* _DATA EXTRACT_:
■ ■ ■ ■ ■

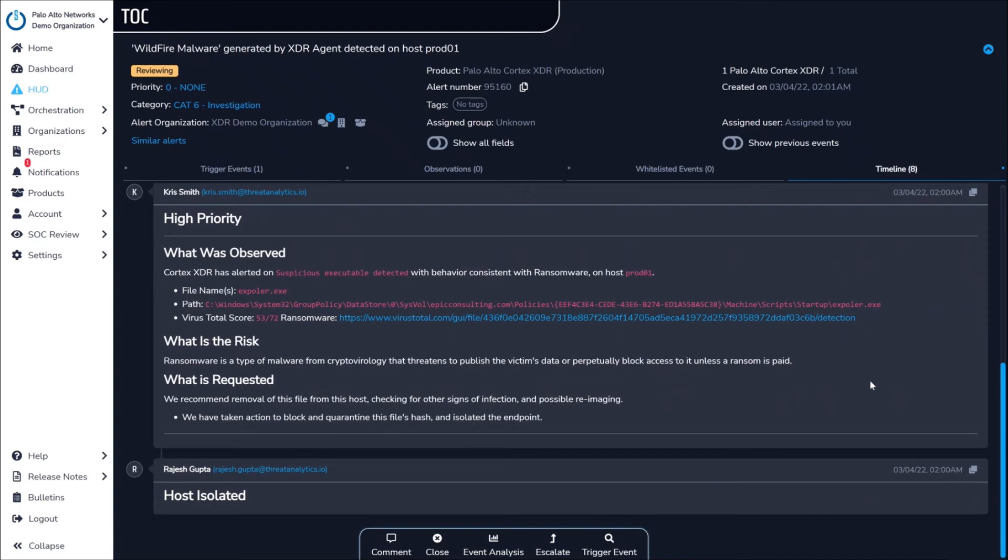Of course, we also provide your team with clear next steps to take to continue the remediation on parts of the environment that may be inaccessible or not approved for our SOC to interact with directly. Escalations are customized based on the impact of the event and the internal processes of your organization.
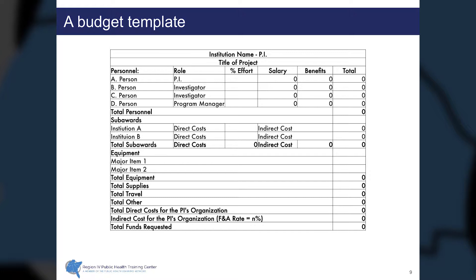Many federal awards require budget information on specific forms they supply; however, it is good to use a budget template like what you see on this slide to accumulate the necessary information. There will always be a personnel section, a sub-awards section, an equipment section, supplies, travel, and other expenses. You then accumulate total direct expenses, calculate indirect costs by applying the organization's F&A rate, and sum the total funds requested. At the top you will see the institution name, the organization applying for the grant, the name of the principal investigator, and the title of the project.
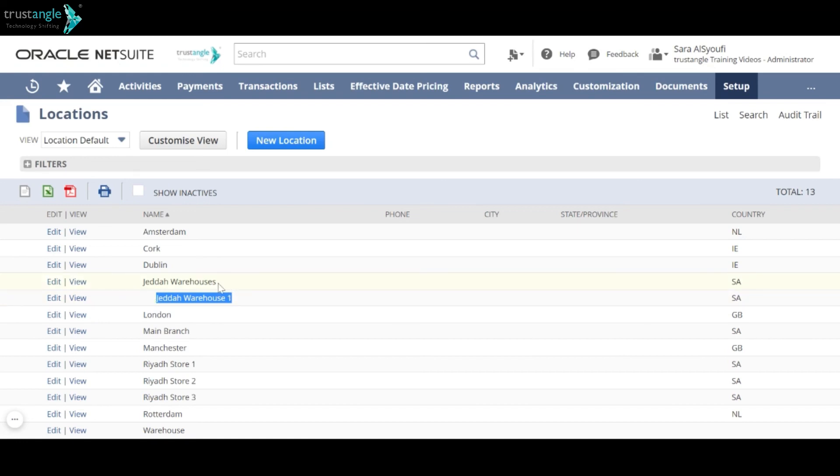You can also export the location as Excel or CSV. Thank you for watching. This video was brought to you by Trustangle Team.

■ ■ ■ ■ ■

* _PROBLEM_:
When you copy the data, keep every line exact and leave out each picture.

* _RESULT OF THIS EXERCISE_:
Of course, we also provide your team with clear next steps to take to continue the remediation on parts of the environment that may be inaccessible or not approved for our SOC to interact with directly. Escalations are customized based on the impact of the event and the internal processes of your organization.
Many federal awards require budget information on specific forms they supply; however, it is good to use a budget template like what you see on this slide to accumulate the necessary information. There will always be a personnel section, a sub-awards section, an equipment section, supplies, travel, and other expenses. You then accumulate total direct expenses, calculate indirect costs by applying the organization's F&A rate, and sum the total funds requested. At the top you will see the institution name, the organization applying for the grant, the name of the principal investigator, and the title of the project.
You can also export the location as Excel or CSV. Thank you for watching. This video was brought to you by Trustangle Team.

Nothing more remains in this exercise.